EXERCISE
Reproduce exactly, and solely, the lines running from the top of the data below through the line with "Brinco Ear Cuff", both inclusive. Omit pictures.

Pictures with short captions
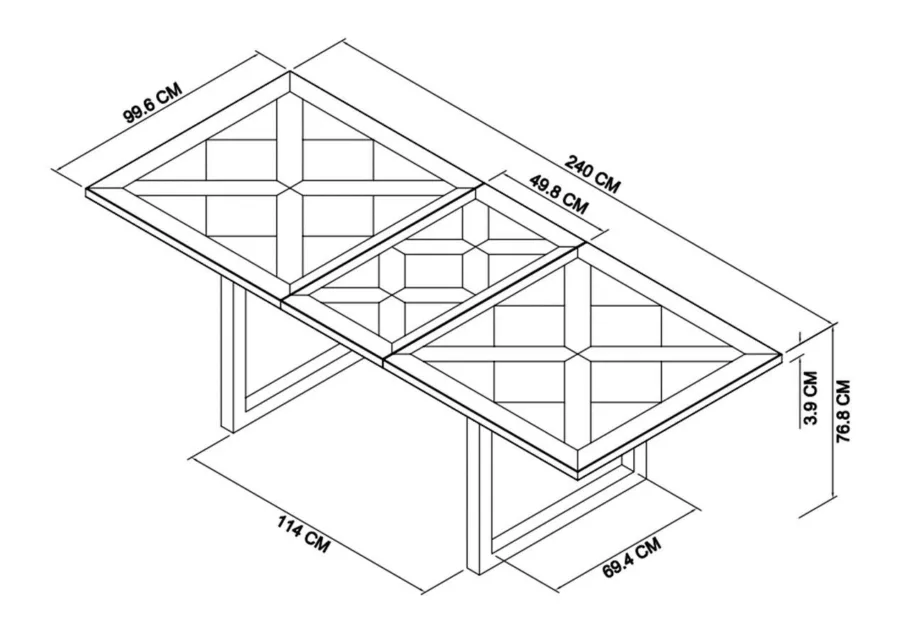 Pruun pikendatav söögilaud Indus IN01-2 190/240 cm, tammepuidust ja metallist – 18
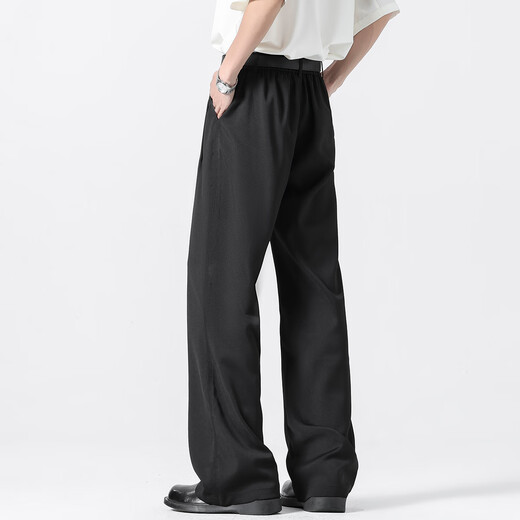 Foss Phil Pants Мужской весна и осень слегка вспышка с широкими ногами, опускающими трехконтактные высококачественные брюки для повседневного костюма K1110 Black l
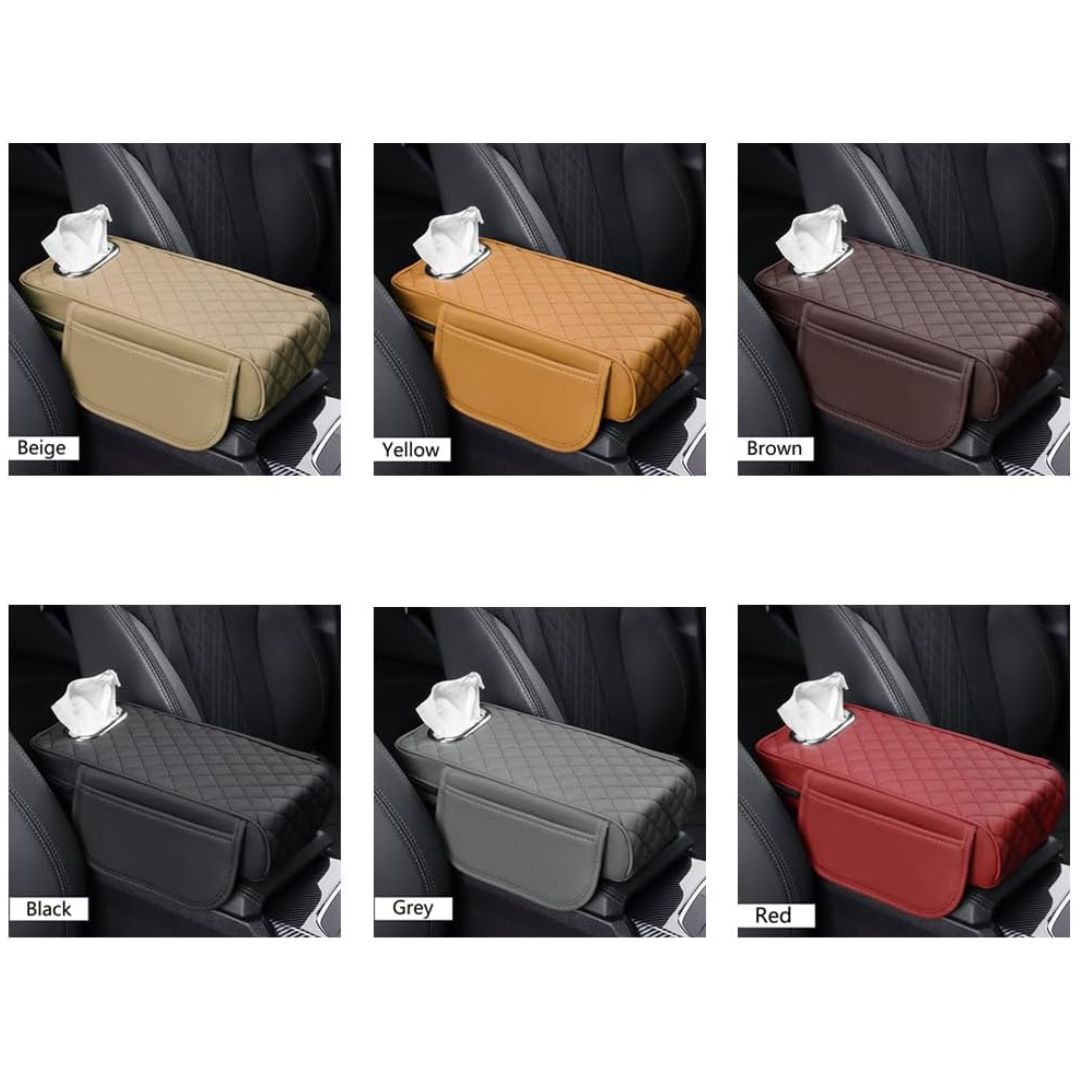 Car Console Armrest Cover with Memory Foam Cushion & Tissue Storage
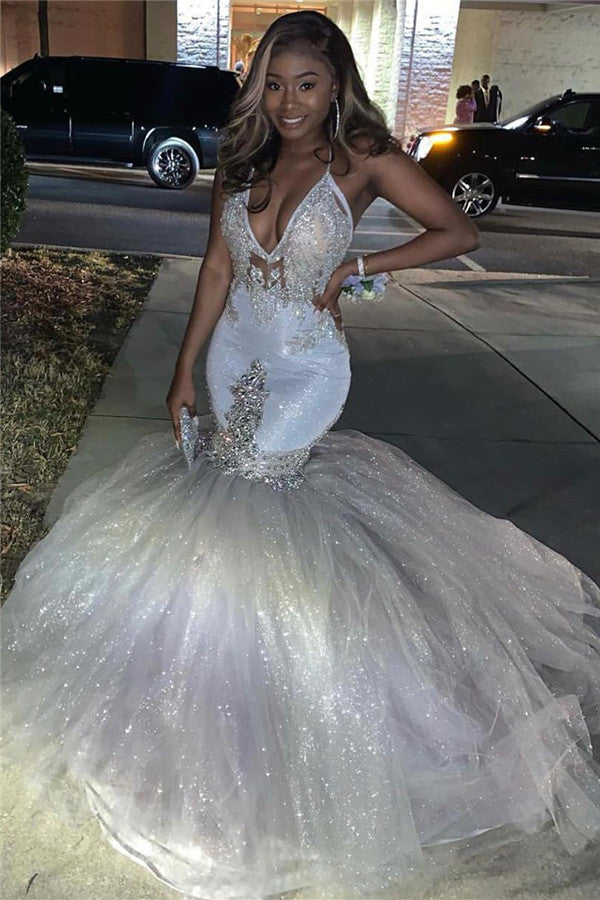 Spaghetti Straps Silver Sparkling Sequins Beads Appliques Mermaid Chic Prom Dress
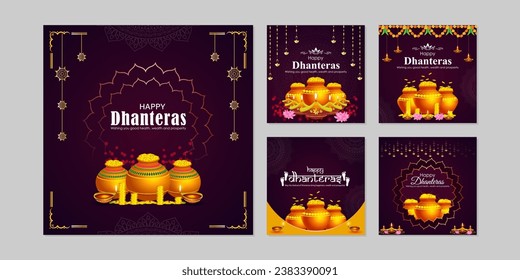 Vector illustration of Happy Dhanteras social media feed template written hindi text means Dhanteras 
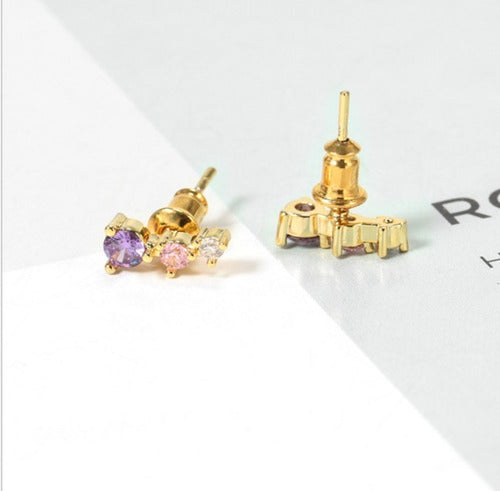 Brinco Ear Cuff Pedra Zirconia Dourado Infantil Pequeno Rosa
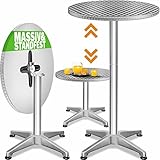 Casaria® 2in1 Stehtisch Klappbar Höhenverstellbar 70 cm / 115 cm Hoch Aluminium Rund Ø 60 cm...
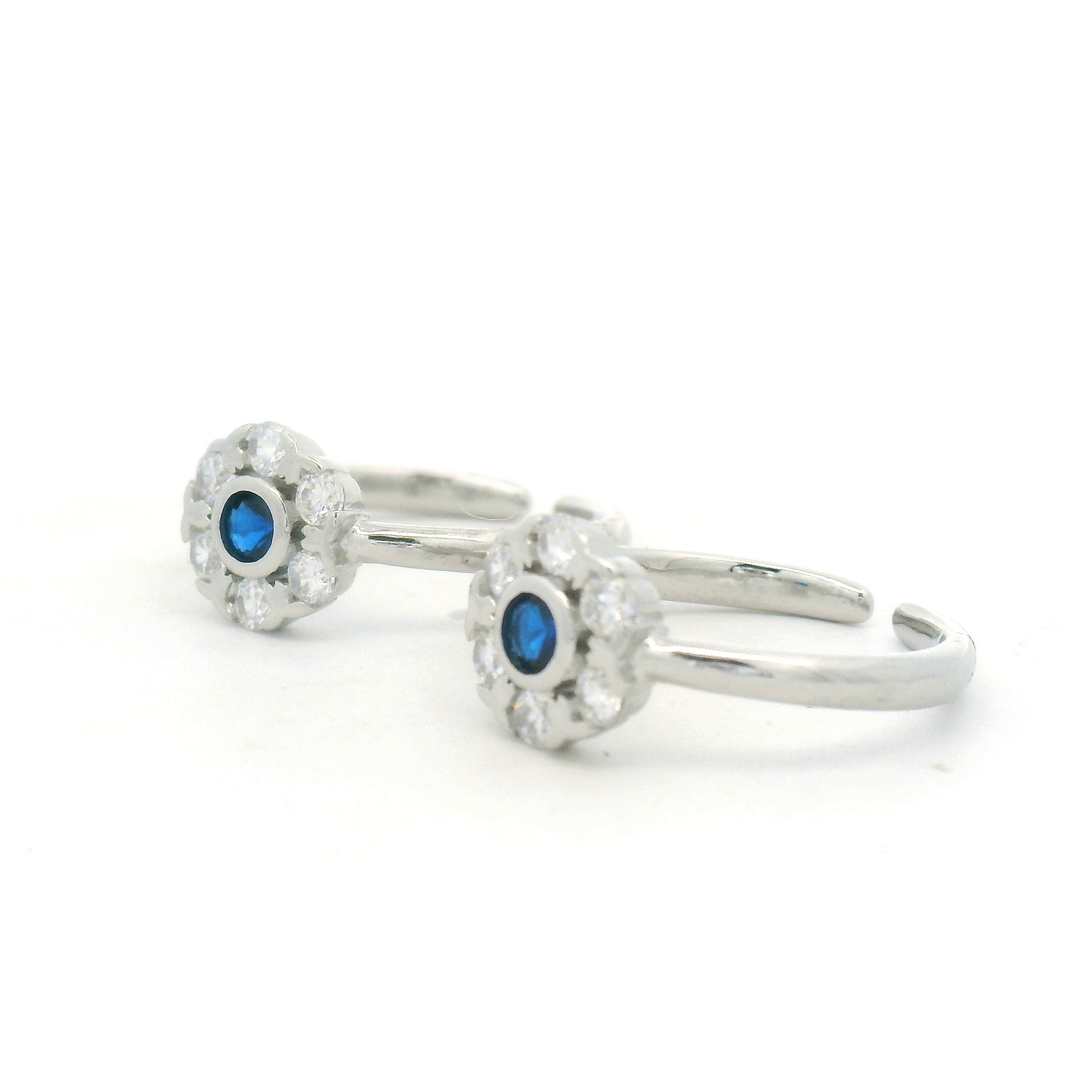 Blue Stone Flower Design CZ Toe Rings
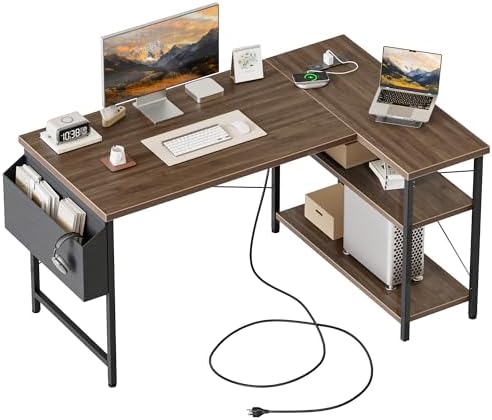 Mericonia Gaming Desk with Power Outlets & LED Lights  Reversible Computer Desk with PC Case Stand  Fabric Drawers  Modern Office Desk with Shelves  Monitor Stand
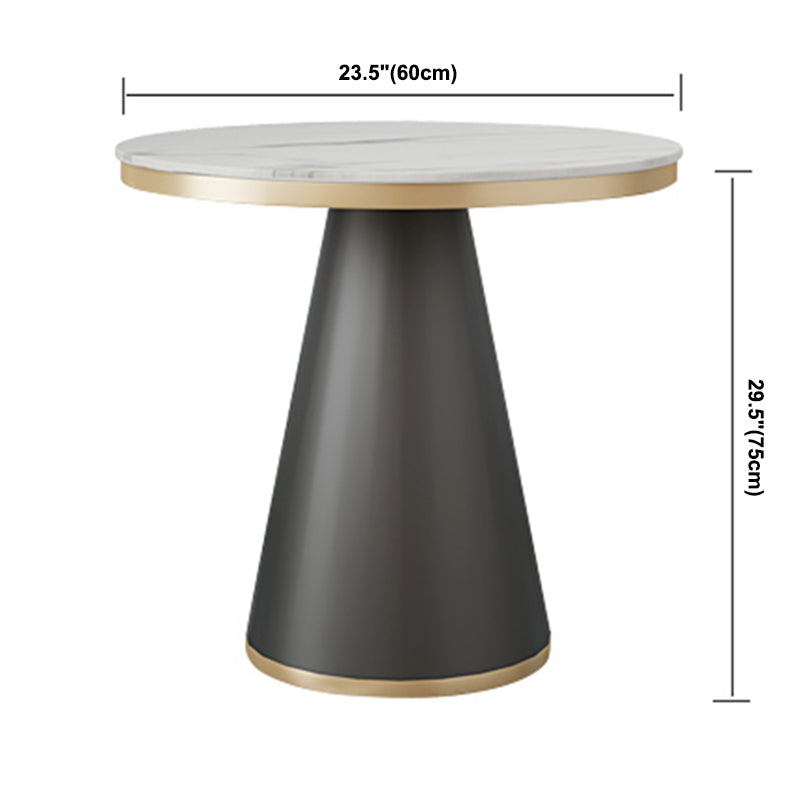Traditional Luxury Style Dining Table White Sintered Stone Table with Black Frame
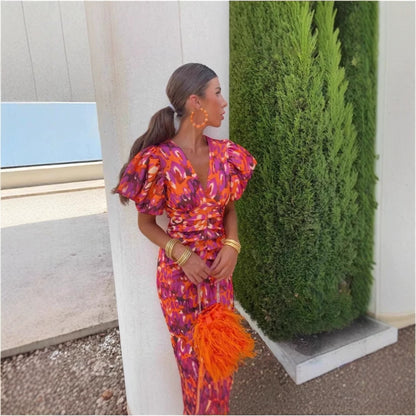 Womens Animal Print V-Neck Puff Sleeve Dress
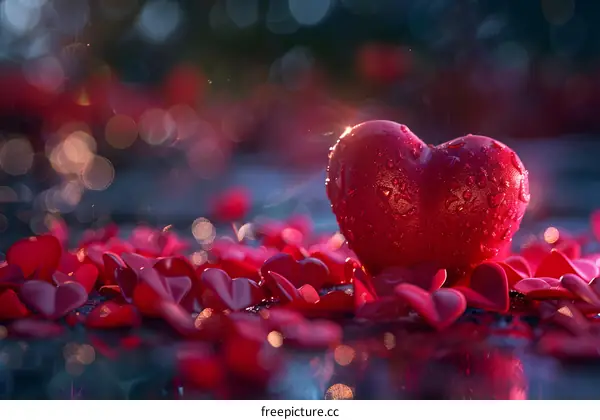 A red heart on the petals
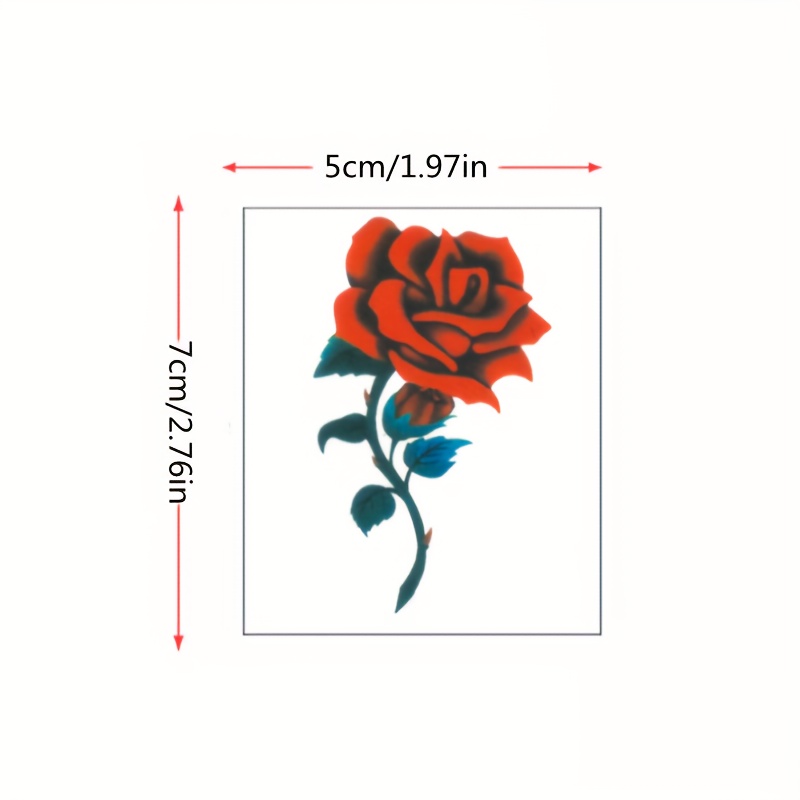 Red Rose Flower Stickers Floral Decals Waterproof Butterfly - Temu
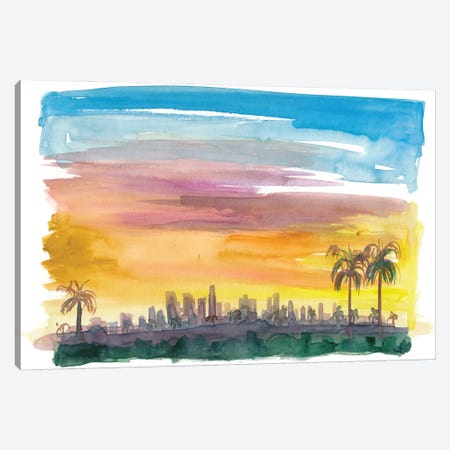 Los Angeles California Skyline in Golden Sunset Mood Canvas Print #MMB241} by Markus & Martina Bleichner Canvas Print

RESULT FOR THIS EXERCISE
 Pruun pikendatav söögilaud Indus IN01-2 190/240 cm, tammepuidust ja metallist – 18
 Foss Phil Pants Мужской весна и осень слегка вспышка с широкими ногами, опускающими трехконтактные высококачественные брюки для повседневного костюма K1110 Black l
 Car Console Armrest Cover with Memory Foam Cushion & Tissue Storage
 Spaghetti Straps Silver Sparkling Sequins Beads Appliques Mermaid Chic Prom Dress
 Vector illustration of Happy Dhanteras social media feed template written hindi text means Dhanteras 
 Brinco Ear Cuff Pedra Zirconia Dourado Infantil Pequeno Rosa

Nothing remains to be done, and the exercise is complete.